Vin Scully returns passion with passion. Whether he’s talking to you about a rookie infielder in 2016 or about the Brooklyn Dodgers only World Series win back in ’55, you know he loves what he’s doing. He’s so passionate about baseball – and his fans – that it’s just not possible for him to treat any event like it’s anything other than the most important event of all time. The “content” that he creates isn’t descriptions of baseball events; it’s the passionate celebration of that day’s baseball game and his 67 years of calling baseball games.
That commitment to the audience, treating every single broadcast over 67 years like it’s the most important one of his career will build quite the relationship, won’t it?
So sure, we’ll continue to use the word “content” because talking about “great content” is easier to understand than talking about “great passion and relationships”. Make no mistake about this, however: your material is not your stock-in-trade.

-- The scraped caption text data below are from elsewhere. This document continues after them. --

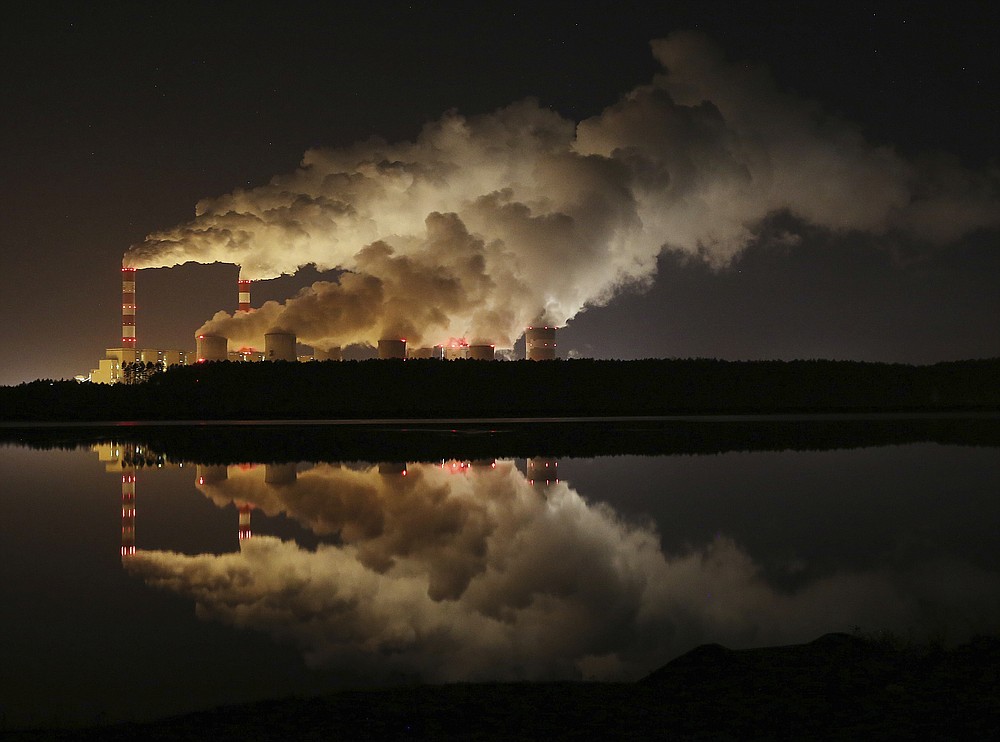 FILE -- In this Wednesday, Nov. 28, 2018 file photo clouds of smoke are pictured over Europe's largest lignite power plant in Belchatow, central Poland. Government stimulus programs to pull the world out of the coronavirus pandemic offer “a tremendous opportunity” to build a clean-energy economy, former California governor Arnold Schwarzenegger said Thursday, calling on governments not to “invest in the past." Speaking video link from Los Angeles to the Austrian World Summit in Vienna, Schwarzenegger said that “forward-looking decisions” are needed now as trillions are being poured into rebuilding economies around the globe.A group of Greenpeace environment activists have climbed its 180-meter smokestack to spur participants in next week's global climate summit in Poland into taking decisions on limiting the use of coal.(AP Photo/Czarek Sokolowski, file)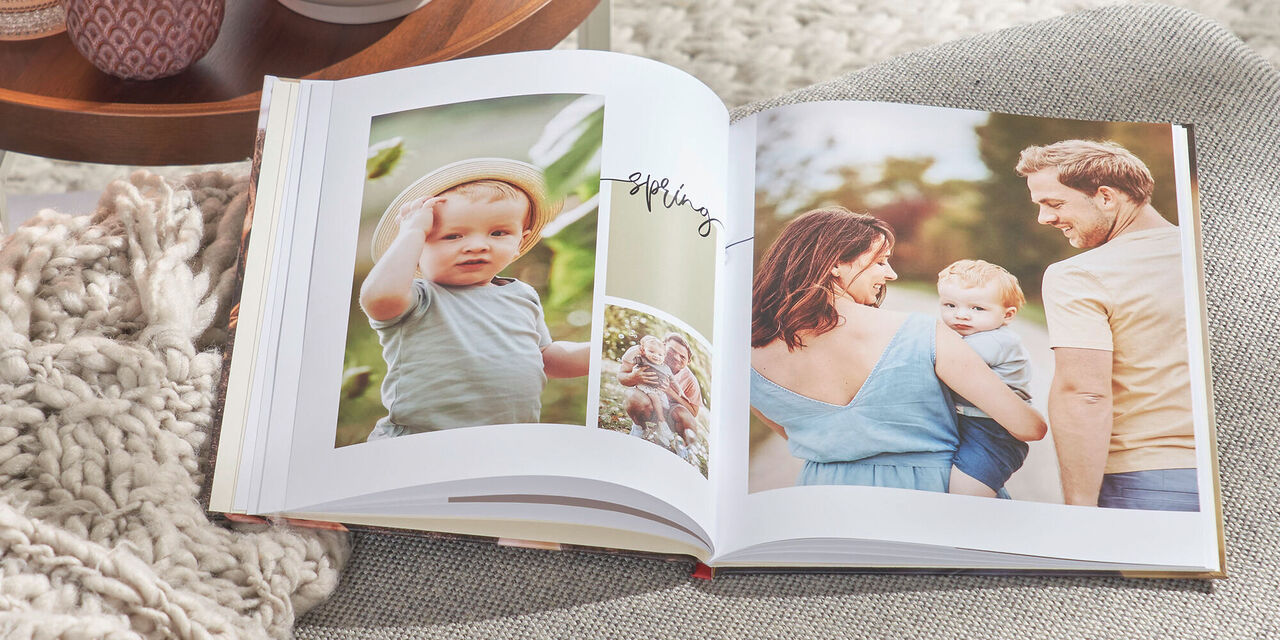 Auf einem grauen Sofa liegt ein aufgeschlagenes CEWE FOTOBUCH. Darin sind mehrere Fotos einer Familie sowie das Wort „Spring“ zu sehen. Links daneben steht ein Tisch mit Teelichtern und einer Pflanze.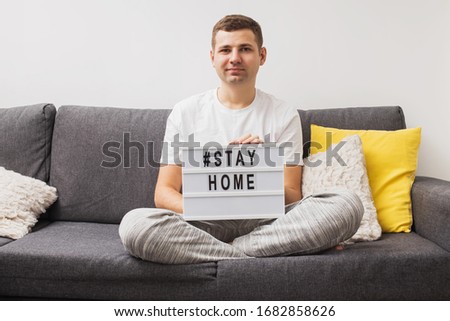 Young man sitting on the sofa in his living room holding lightbox with message Stay Home. Help spreading coronavirus Covid-19, quarantine, safety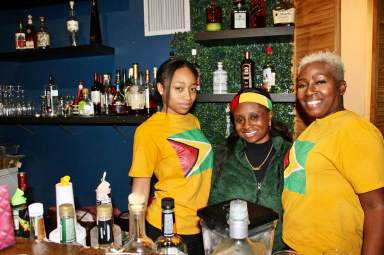 Proudly representing the Guyana flag, staff of BleuFin Bar & Grill joins proprietor, Hollis Barclay, right, who opened the eatery at 637 Nostrand Ave., Brooklyn in 2019, just before the coronavirus pandemic decimated small businesses.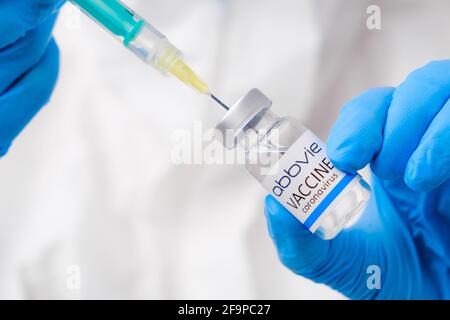 Vaccino Abbvie contro il coronavirus raccolto nella siringa da operatore sanitario o medico in guanti protettivi e tuta PPE, aprile 2021, San Francisco Foto Stock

Content is simply a means to an end.
Your stock-in-trade is relationships. You build relationships by inspiring passion from your fans and by returning that passion to them.
Great content is the starting point for building passionate relationships. Don’t ever settle for creating “filler” or mediocre content. Be like Vin Scully, and treat everything you create like it’s your World Series. Then, after you take the time to make your content great, take even more time to make your relationships great.
Your fans deserve it, and so do you.